- **Data for the task**
* * *
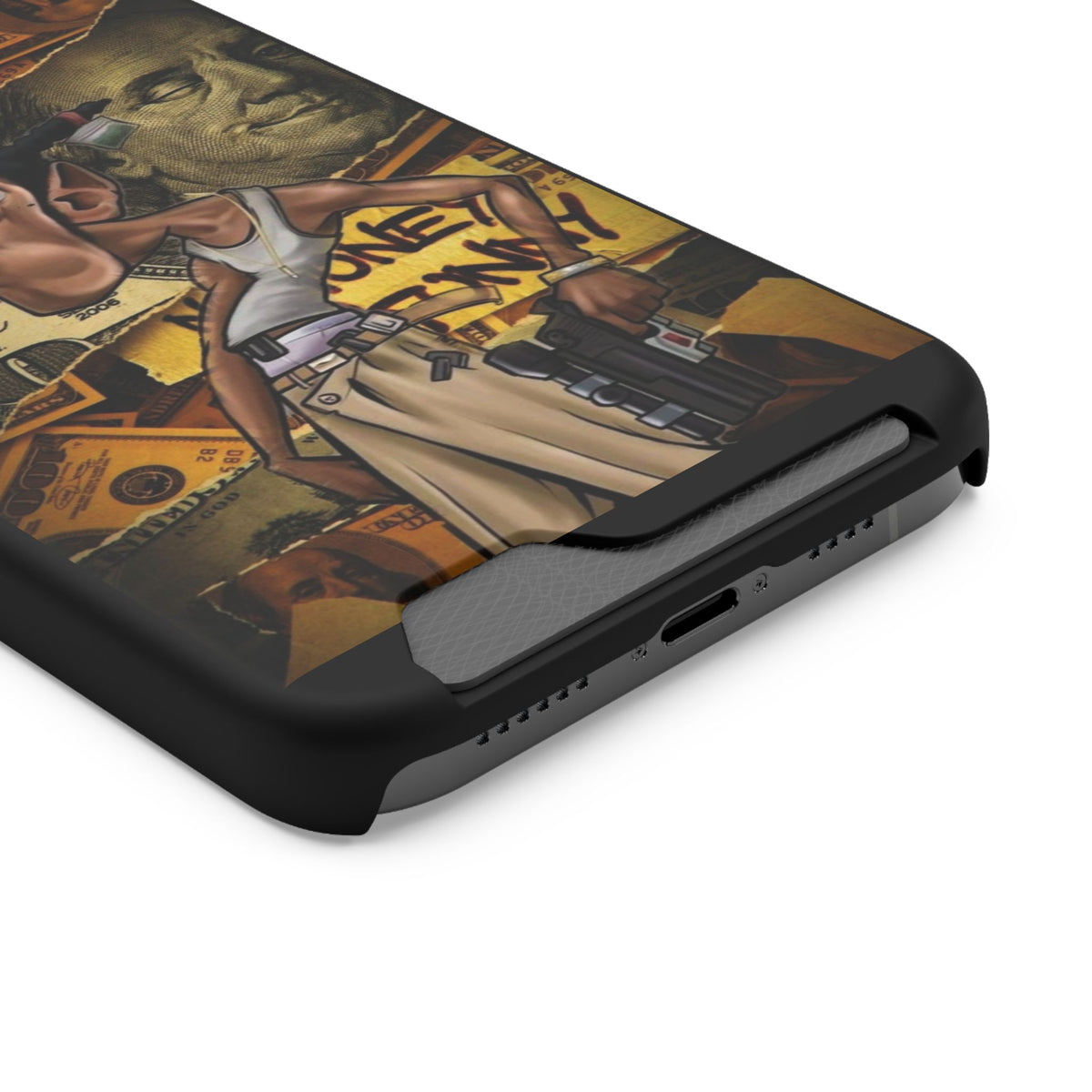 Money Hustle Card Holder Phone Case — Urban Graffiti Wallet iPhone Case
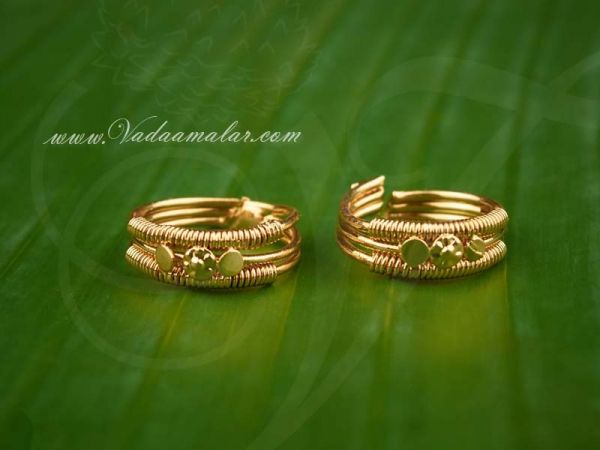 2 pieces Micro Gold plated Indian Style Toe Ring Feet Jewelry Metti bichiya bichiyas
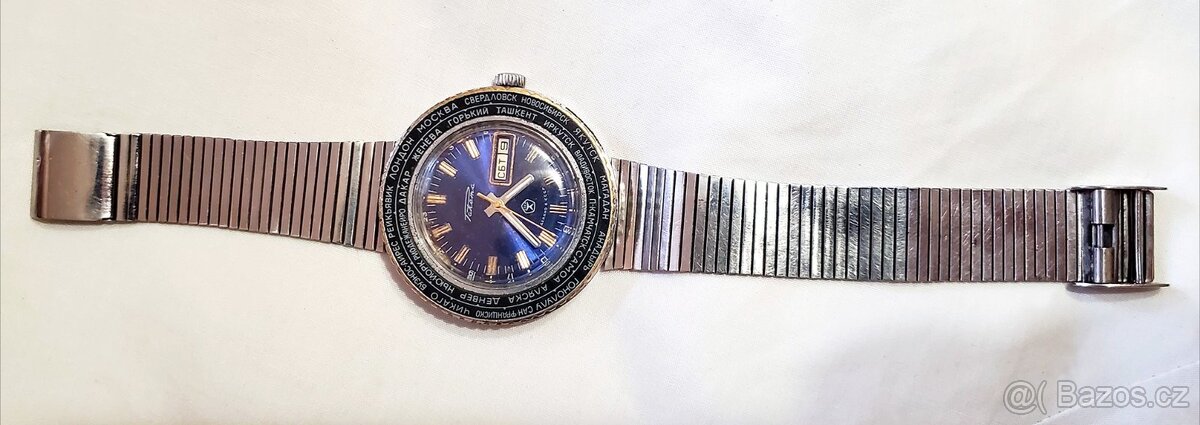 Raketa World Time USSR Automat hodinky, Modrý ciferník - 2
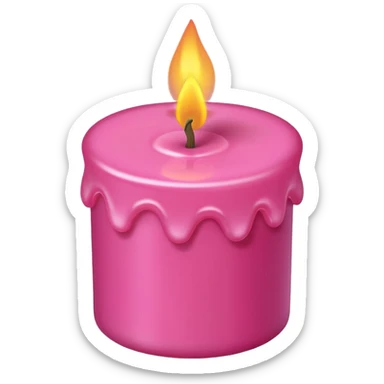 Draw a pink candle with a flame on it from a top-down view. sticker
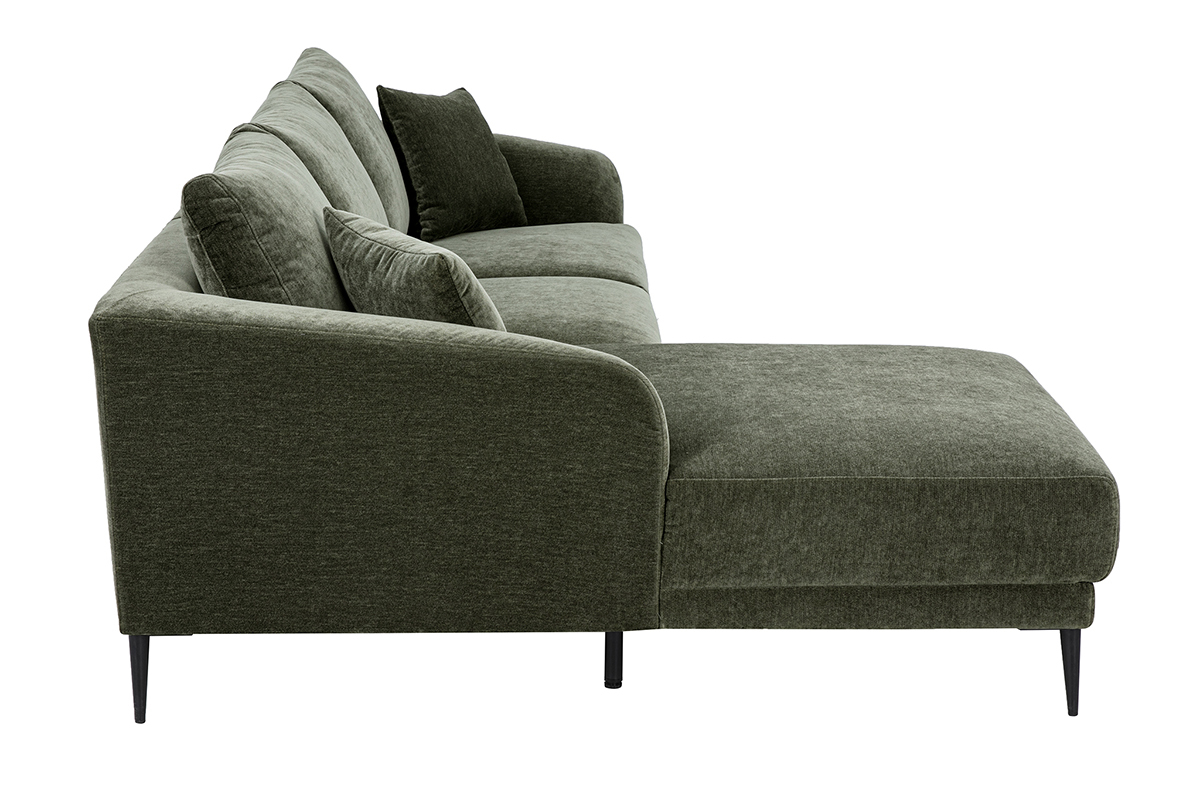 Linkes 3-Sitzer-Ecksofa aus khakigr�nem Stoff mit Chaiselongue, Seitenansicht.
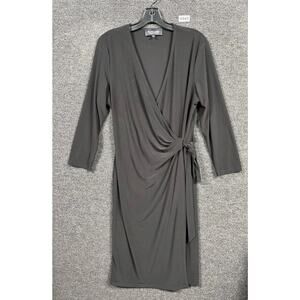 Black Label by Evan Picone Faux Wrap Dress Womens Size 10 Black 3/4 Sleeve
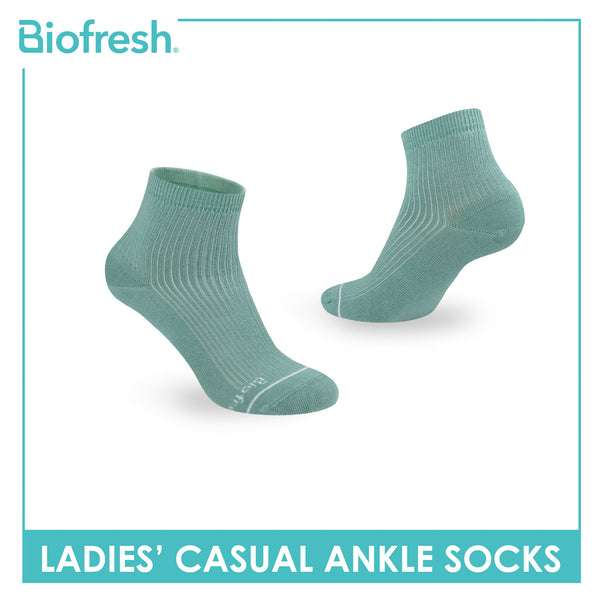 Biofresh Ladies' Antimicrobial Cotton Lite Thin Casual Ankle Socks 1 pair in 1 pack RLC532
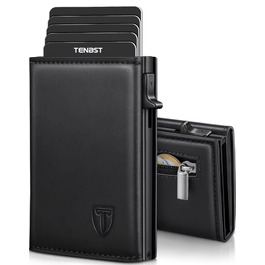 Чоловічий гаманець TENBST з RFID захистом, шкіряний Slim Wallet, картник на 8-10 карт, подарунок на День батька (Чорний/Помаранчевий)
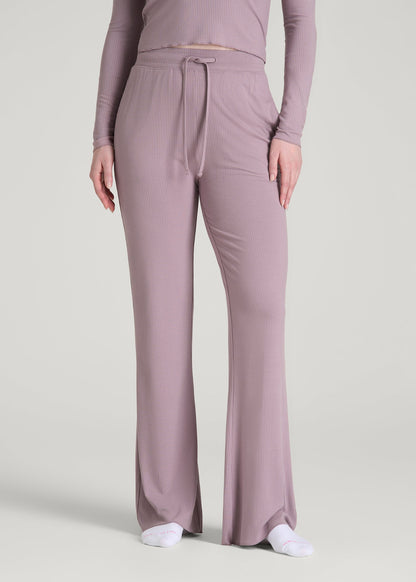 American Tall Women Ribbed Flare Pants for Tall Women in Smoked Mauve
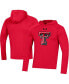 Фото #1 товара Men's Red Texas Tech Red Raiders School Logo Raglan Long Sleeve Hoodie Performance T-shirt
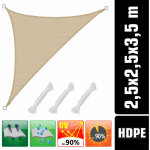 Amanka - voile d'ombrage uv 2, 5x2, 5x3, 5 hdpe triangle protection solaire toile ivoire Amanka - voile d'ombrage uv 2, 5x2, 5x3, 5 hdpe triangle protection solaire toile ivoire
* * *
The reply should contain all of the data above, word for word, with no pictures.

- **Solution to this task**
 Money Hustle Card Holder Phone Case — Urban Graffiti Wallet iPhone Case
 2 pieces Micro Gold plated Indian Style Toe Ring Feet Jewelry Metti bichiya bichiyas
 Raketa World Time USSR Automat hodinky, Modrý ciferník - 2
 Draw a pink candle with a flame on it from a top-down view. sticker
 Linkes 3-Sitzer-Ecksofa aus khakigr�nem Stoff mit Chaiselongue, Seitenansicht.
 Black Label by Evan Picone Faux Wrap Dress Womens Size 10 Black 3/4 Sleeve
 Biofresh Ladies' Antimicrobial Cotton Lite Thin Casual Ankle Socks 1 pair in 1 pack RLC532
 Чоловічий гаманець TENBST з RFID захистом, шкіряний Slim Wallet, картник на 8-10 карт, подарунок на День батька (Чорний/Помаранчевий)
 American Tall Women Ribbed Flare Pants for Tall Women in Smoked Mauve
 Фото #1 товара Men's Red Texas Tech Red Raiders School Logo Raglan Long Sleeve Hoodie Performance T-shirt
 Amanka - voile d'ombrage uv 2, 5x2, 5x3, 5 hdpe triangle protection solaire toile ivoire Amanka - voile d'ombrage uv 2, 5x2, 5x3, 5 hdpe triangle protection solaire toile ivoire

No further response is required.